Of course. So what do we do now? Well, what if we changed our data structure from being a simple array of ints to an array of linked lists. Now that each element in the array contains a linked list, we can assign both both of those hashes to the same index in the linked list.

But this adds another wrench into our problem. What if we wanted to find out whether the string "goodbye" was in our dictionary? Well, we’d input that value into our hash function, mod the operator by the size of the dictionary, and look in that index. But we can’t just assume that if the value is not null it will be what we’re looking for. Remember, there can be collisions - the string "hello" could have been assigned to the same value. So we iterate through the linked list and look for the string, and only if we don’t find it there can we conclude it is not in the dictionary.

Is it becoming clear why in the worst case a dictionary is also O(n)? What’s the worst case? Imagine a dictionary with the size of 1. Just a single pointer to a linked list. That means every call to the dictionary would have to look through the entire linked list - in other words, just like a normal array.

You will implement a hash table for this lab, so you’ll get to experience its inner workings first hand.

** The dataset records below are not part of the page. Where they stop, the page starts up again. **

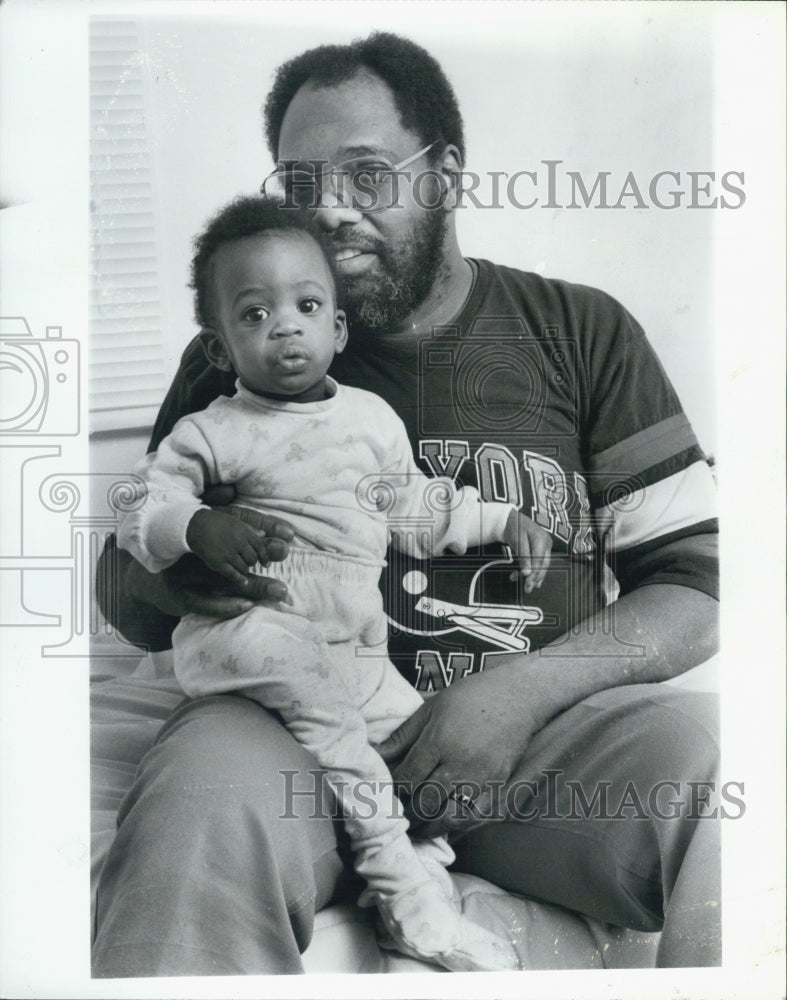 1989 Press Photo of Bill Robinson with baby Alishe he&#39;s trying to adopt - Historic Images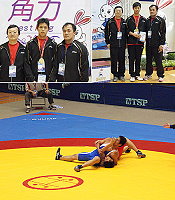 　100年全中運角力昨天奪得二面金牌，中正國中陳雲松、李志豪及比賽情形。（圖： 連江縣全中運代表隊提供）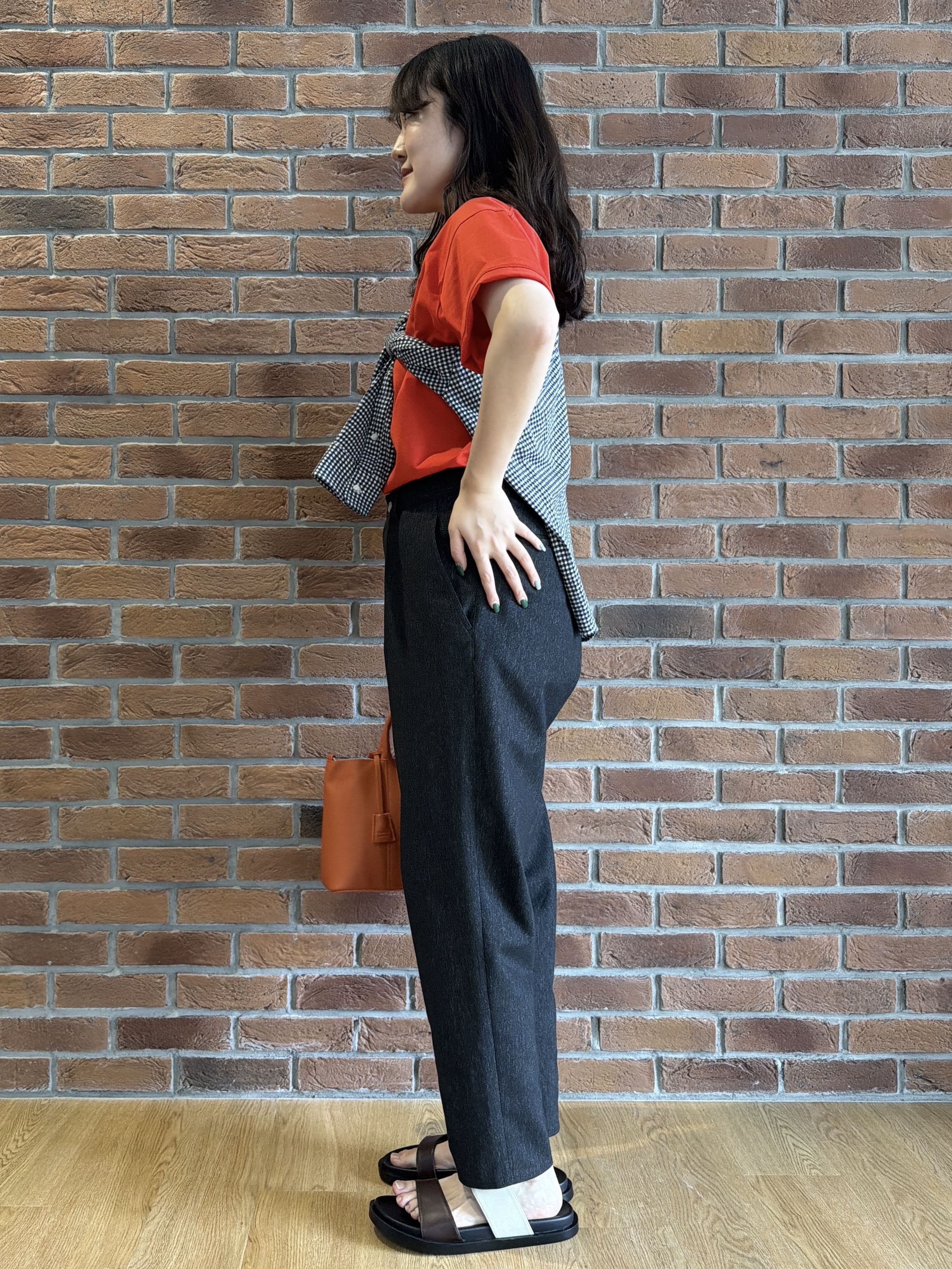 Akutagawaさんの「TAKEO KIKUCHI｜【日本製】ワンポイント刺繍 半袖Tシャツ」を使ったコーディネート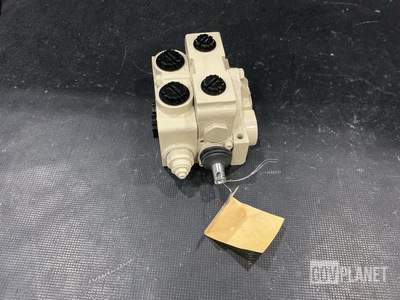 Oshkosh 3335064 Dump Control Valve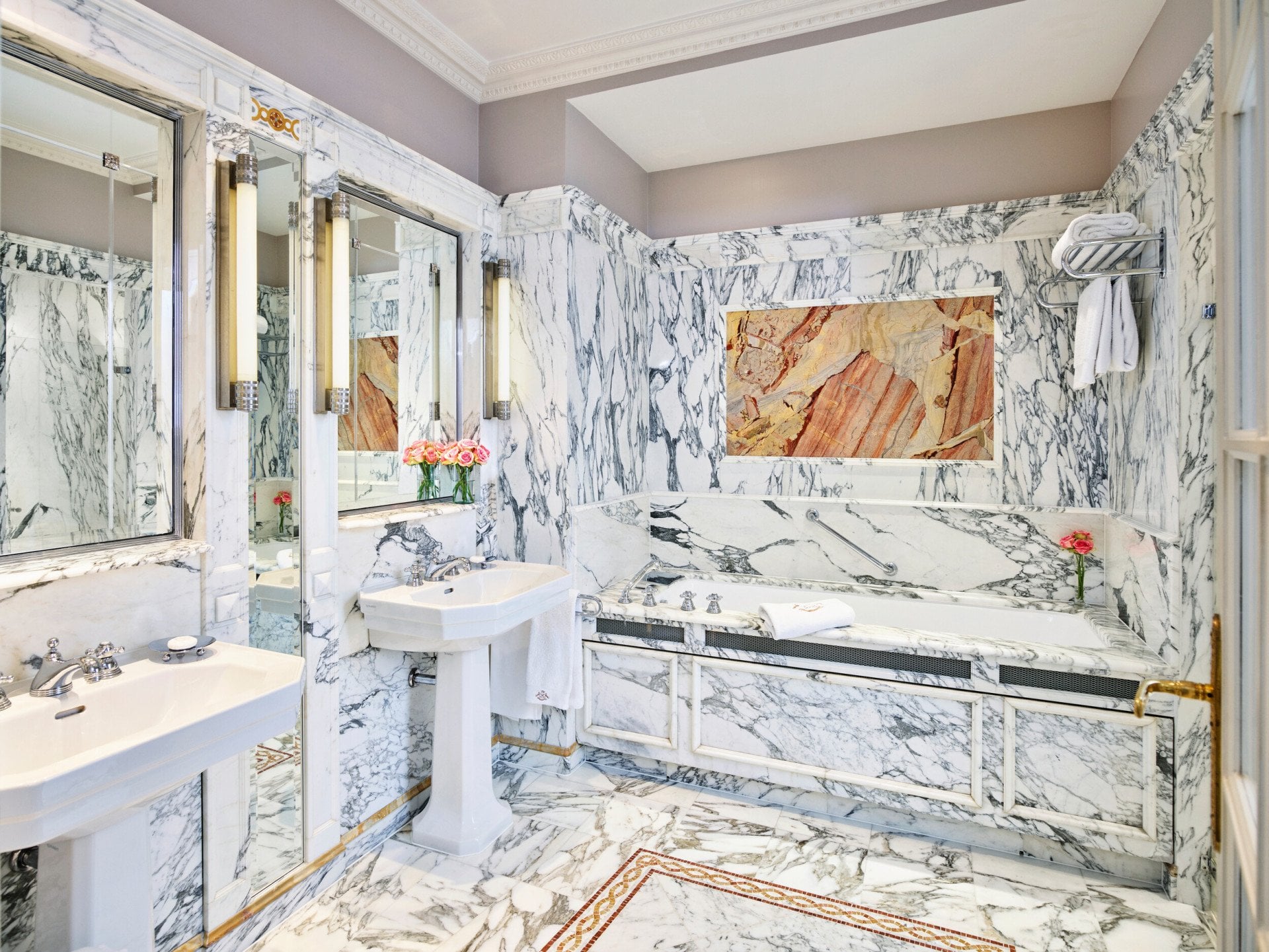 Fotografia de paisagem da casa de banho em mármore da suite Versailles no Le Meurice, Paris.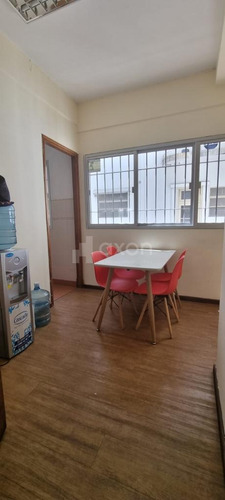 Imagen 15 de 21 de Alquiler De Oficina De Categoria En Ciudad Vieja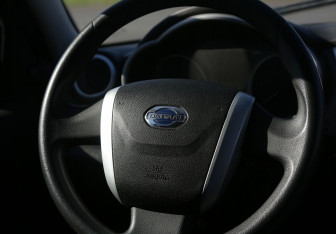 Подержанный автомобиль Datsun on-DO 2016 года (16 фото)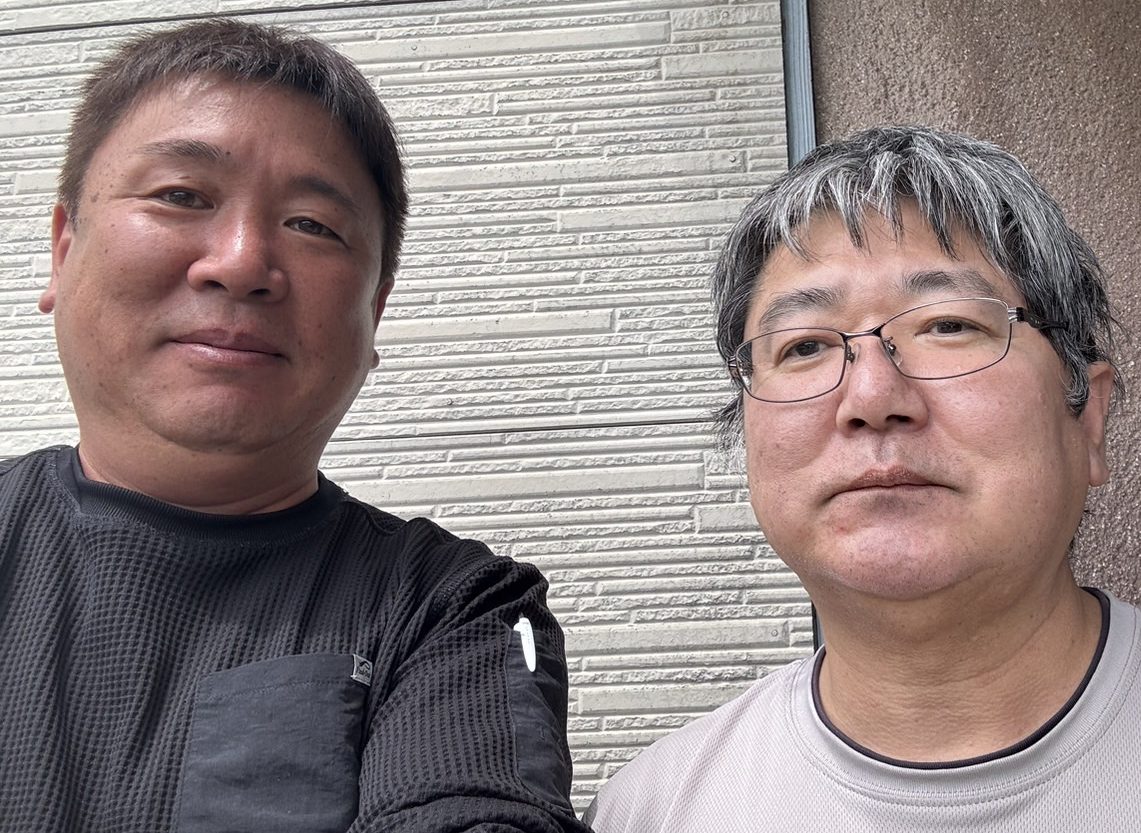 瀬戸市の皆さまへ築50年の玄関カラーベスト屋根！塗装不良により雨漏りしてカバー工法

Fancier hash tables in languages like Java or Python actually dynamically adjust in size. When they see that the number of collisions has reached a certain threshold, they’ll increase their size from 1000 to 2000 (or whatever the size is) and then re-hash all their elements. This is naturally a rather time intensive operation, but the amortized cost is quite small (algorithms, people!).

Great, so now you’ve designed all your three data structures, the methods that go along with them, and you’ve unit tested all of them so you know the error cannot be within any of these files.

Awesome! If you’ve truly done all of these things, then the actual crawler.c file just has to be a single main method - in fact, it doesn’t have to be more than 25 lines of code!

1. Create all the data structures you'd use - your dictionary, your queue, etc
2. As long as your queue is not empty
    3. Pop off the first element from the queue
    4. Download the contents of the page the URL points to
    5. Search through all URLs in this page, adding them to the dictionary / queue if they're not already there and they're not beyond MAXDEPTH
    6. Store the depth of this URL, and all the URLs you found in it into a file

That’s it! There’s the lab. Go get ’em!